Hope you are all doing well. After recording two positive weeks in a row, the major U.S. stock indexes slipped, extending their shaky start to a year that began with three consecutive weekly declines. Oil stocks continue to do well, energy has been the top-performing S&P 500 sector of early 2022—and by a wide margin, with a nearly 24% year-to-date price gain as of Friday. Though it is technology companies that continue to produce the best actual results even if the share prices might not reflect it. Technology has the highest earnings beat rate with 87% beating expectations 10% higher than the average S&P company. With Valentine’s day coming up I broke down this week’s news using quotes from Romeo and Juliet.
The markets fell further on Friday as the situation in Ukraine worsened. Like the apothecary in Romeo and Juliet, Putin, seeks to profit by violating the world’s law. Unlike the apothecary who is selling poison, Putin’s drug is power. Putin wants power and the respect the Soviet Union commanded on the international stage. He sees an opportunity with the West divided on the US’s role in the world after the Afghanistan withdrawal and the U.S. nuclear submarine deal that caught France off guard. Ultimately, I don’t think this will end with the U.S. getting engaged in armed conflict. More importantly for stocks, I don’t think Putin will ever return to communism because capitalism has been very good to him and made him extraordinarily wealthy.

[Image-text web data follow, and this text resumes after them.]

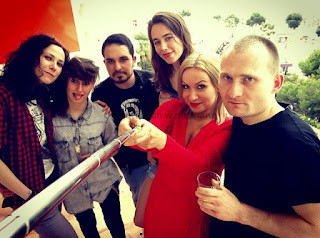 Europa to strata czasu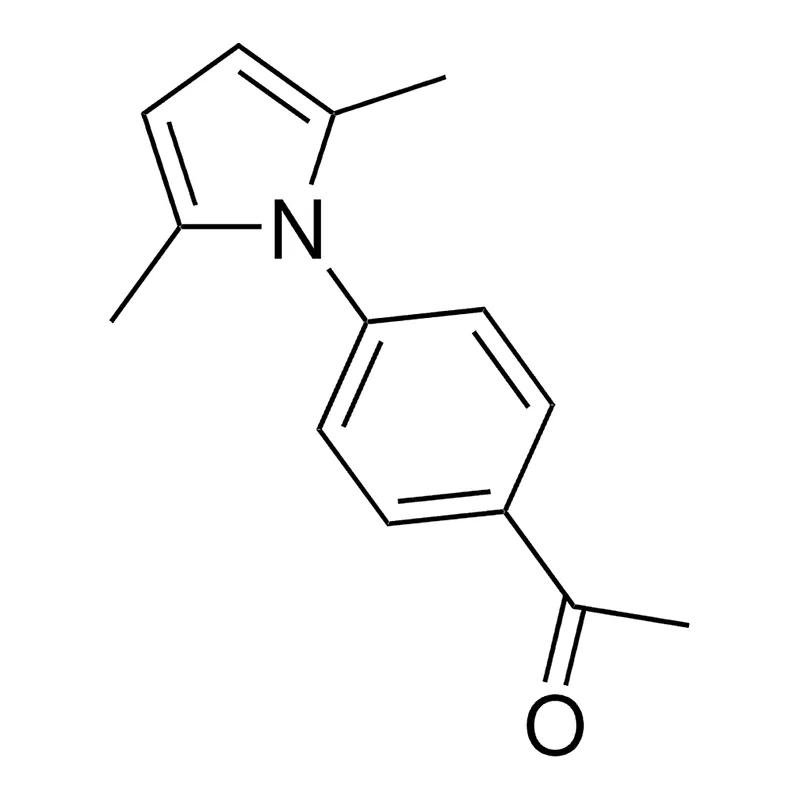 Merck N-(4-ACETYLPHENYL)-2,5-DIMETHYLP-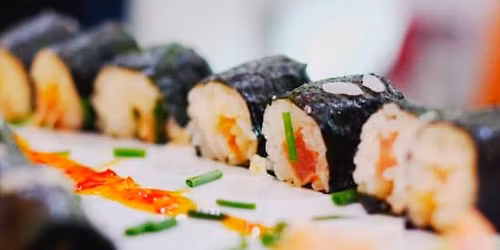 Sushi Workshop Supper Club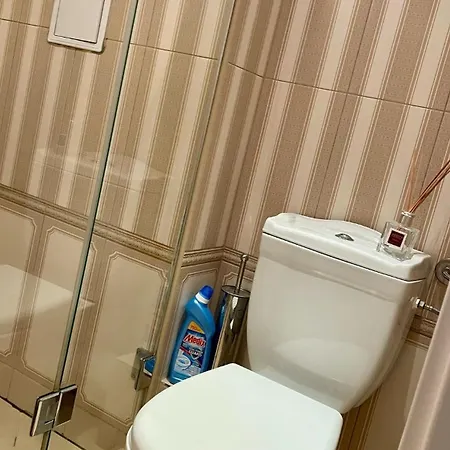 דירה 2 In Luxury Complex Sunny *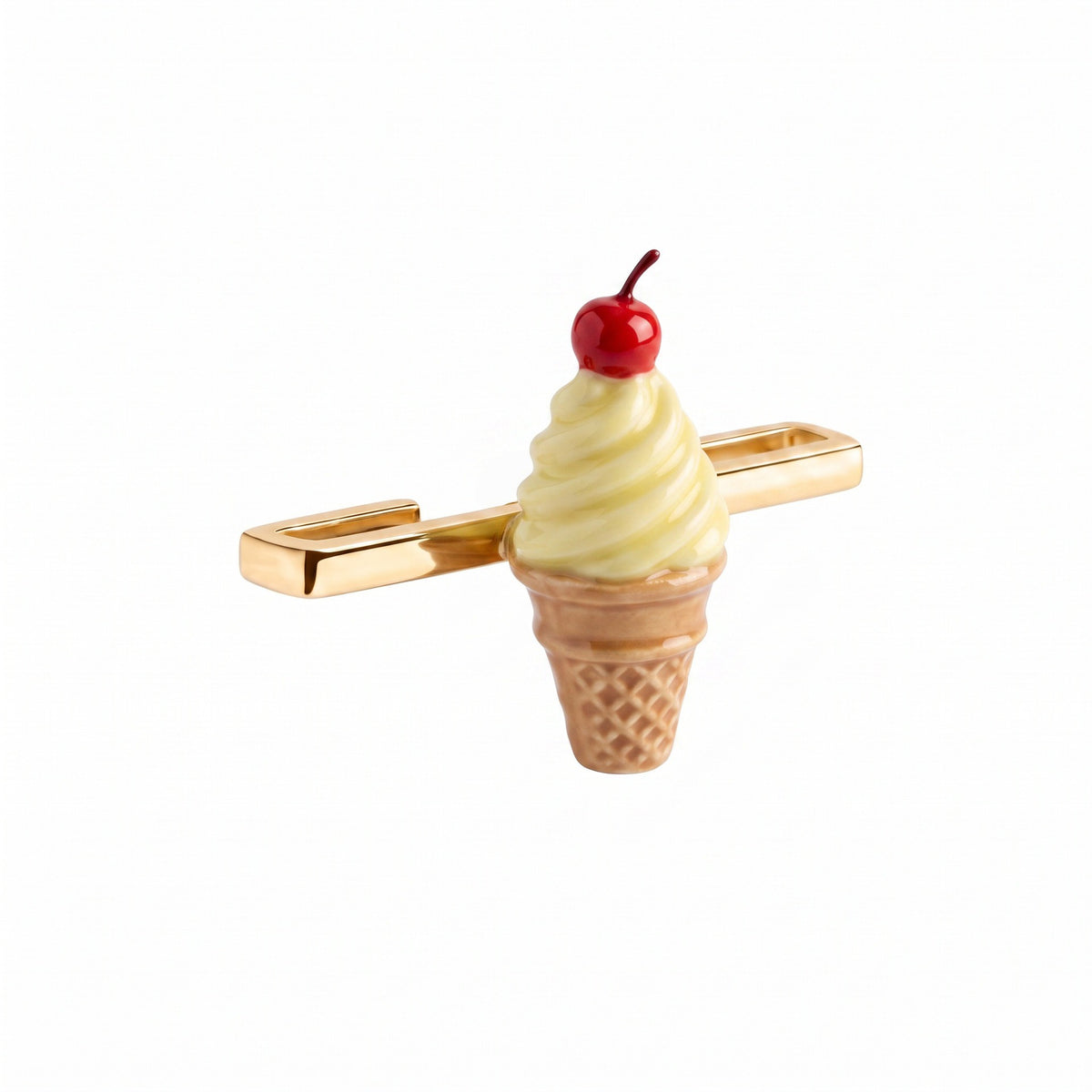 Soft Serve Charm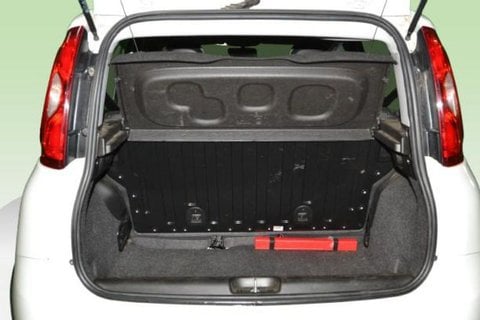 Auto Usate A Cagliari | Fiat Panda 1.0 70Cv Hybrid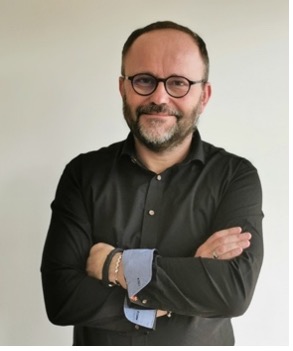 Portrait de Bruno Gattino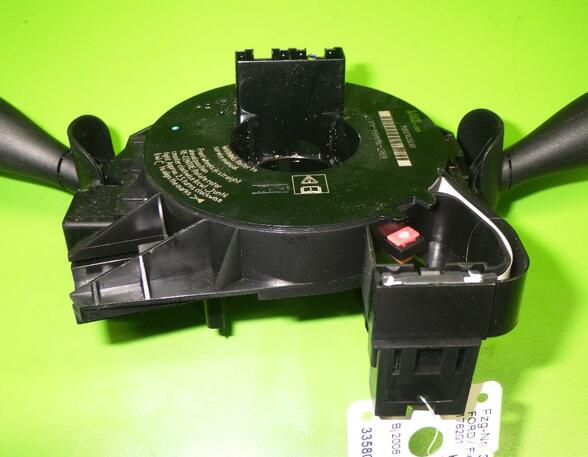 Steering Column Switch FORD Fiesta V (JD, JH), FORD Fusion (JU)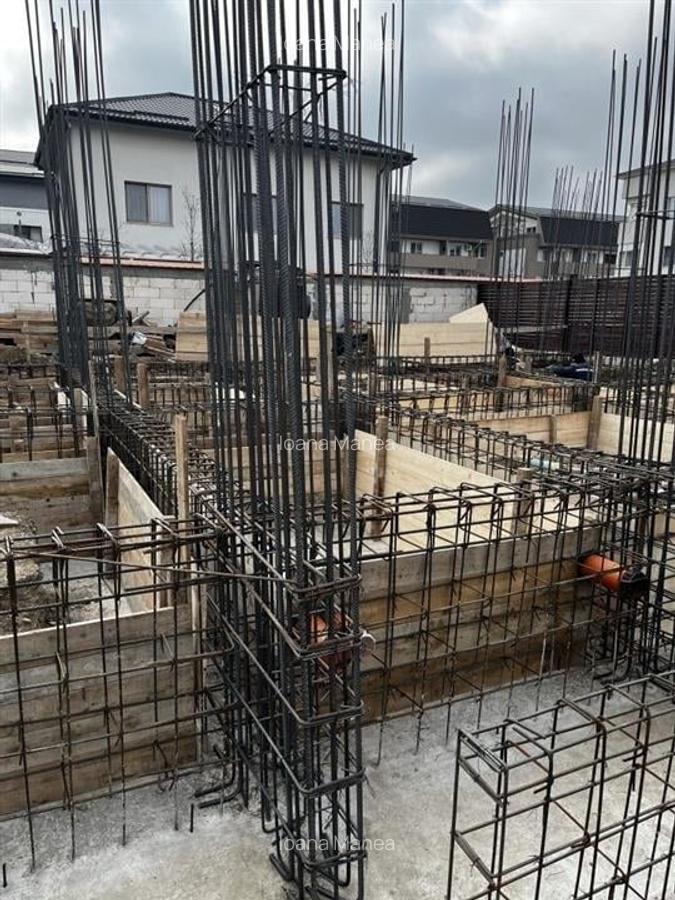 Vanzare apartament 2 camere,  Nicolae Grigorescu, bloc 2025, etaj 1/3, decomanda - 18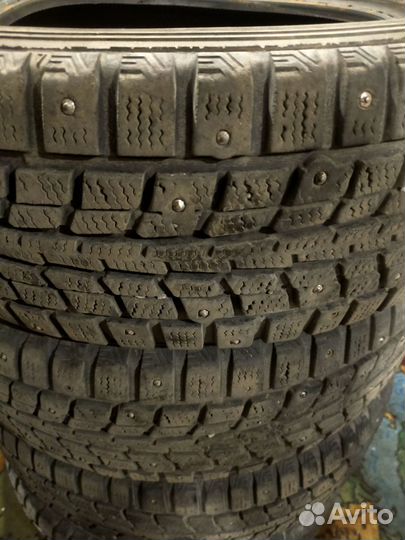 Dunlop Dignos D-01 195/60 R15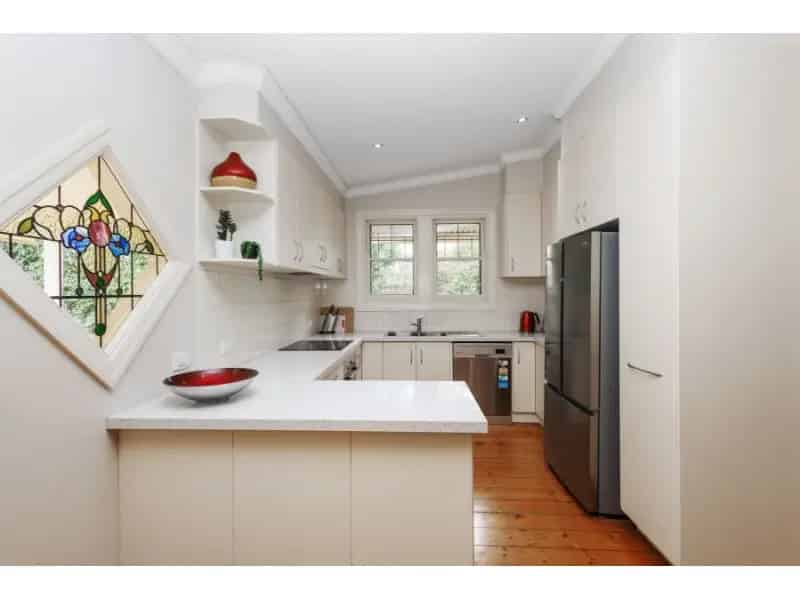 Fully Furnished - Contact Agent For Availability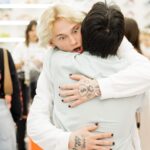 Danya Milokhin Instagram - Я открыл магазин в Дубае! Приходите оцените 🥰❤️ @nikitaefremovme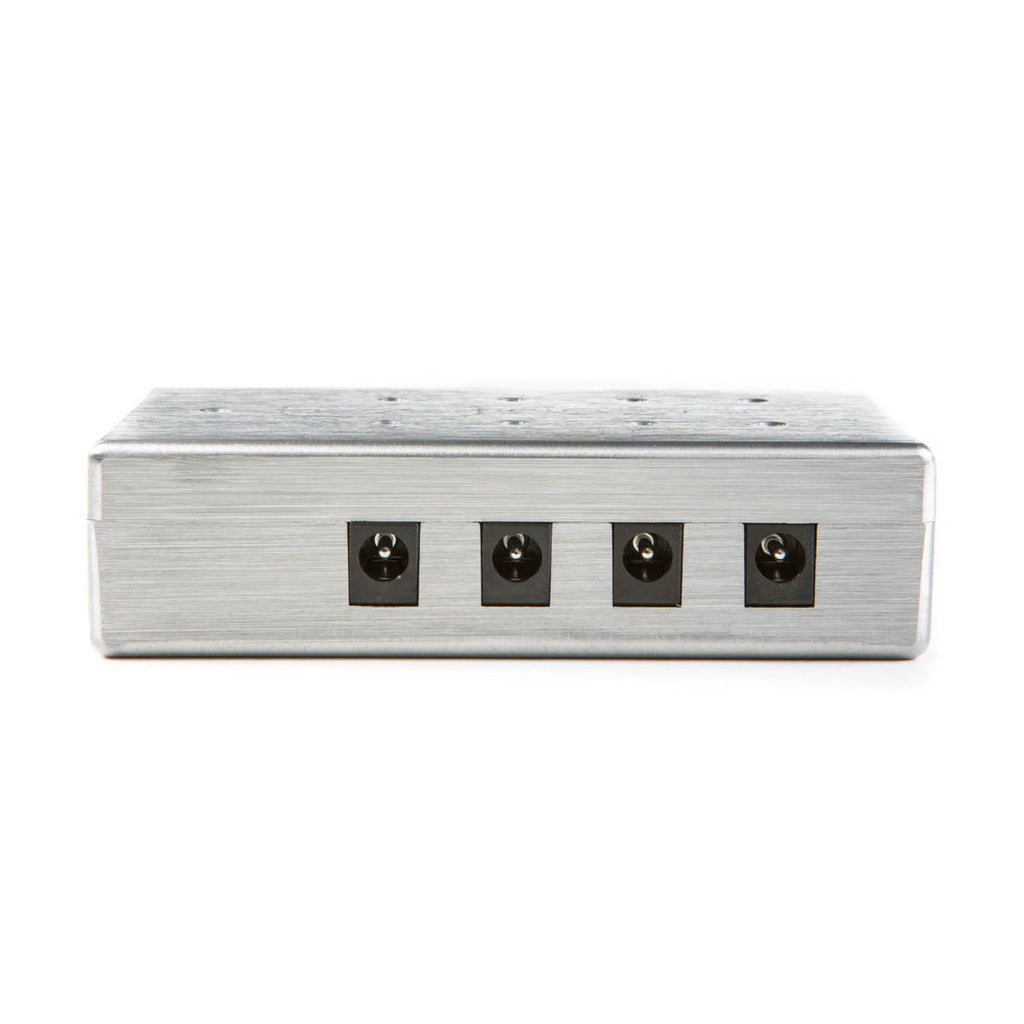 MXR M237 DC Brick power supply — output jacks detail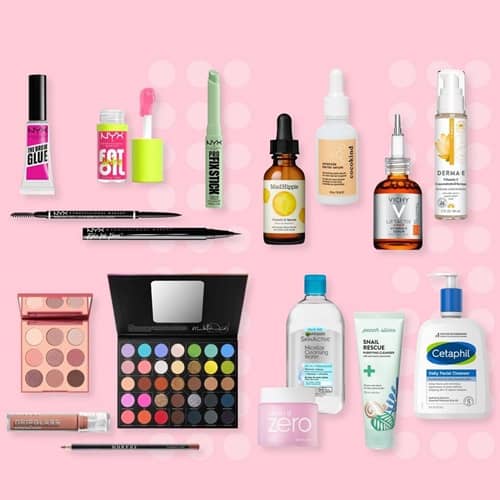 Ulta Beauty Spring Haul 2024 UP TO 50 OFF Preview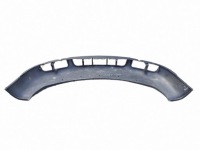 фото thumb №15, Audi a8 s8 d2 99-02r накладка бампера передней спойлер спойлер 4d0807110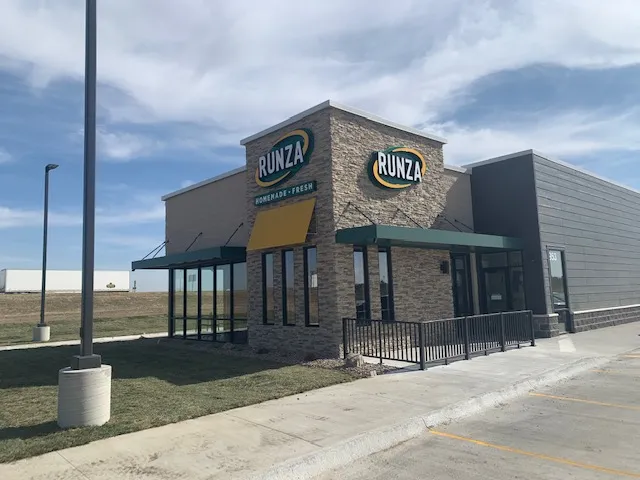 Runza Restaurant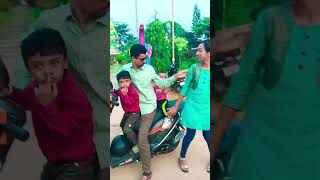 Khiladi couple short video shortvideo comedy funnyshort [upl. by Nrobyalc]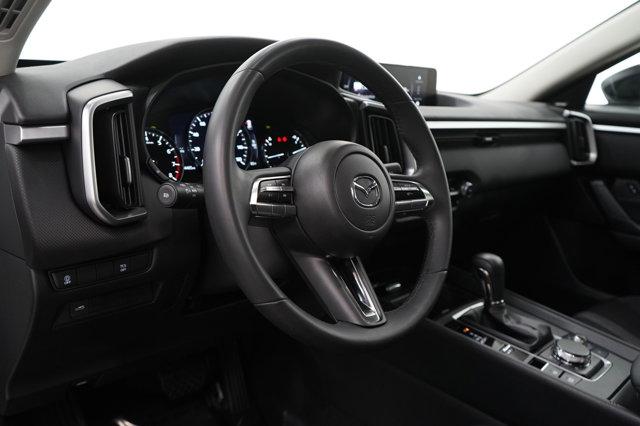 used 2025 Mazda CX-50 car, priced at $32,998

The Federal Reserve needs to rein in inflation like the Friar, who tries to rein in young Romeo, they understand the risk if they don’t. The government reported that inflation accelerated at a 7.5% annual rate in January—the highest since 1982. Higher food, electricity, used car and housing prices led the gains, signalling that price pressures are spreading beyond a few items that continue to be impacted by the supply-chain disruptions. Rents, the largest weight in the consumer-spending basket, are accelerating. Rent increases are likely to prove sticky as rental vacancy is at its lowest level since 1984. The return to more moderate price increases will likely take longer than central banks are willing to tolerate, and St. Louis Fed president James Bullard said this week that he sees the Fed raising rates by full percentage point by July. Even though inflation will likely remain above the Fed’s target for some time there is reason for optimism. Expect that price increases will peak soon (possibly February, or March) and moderate more meaningfully in the second half of the year. Shipping costs have been declining since mid-November, and supplier delivery times have been improving, both indicating that bottlenecks are starting to clear. With the omicron-variant surge subsiding, this trend of improvement could further gain steam as spending shifts away from goods.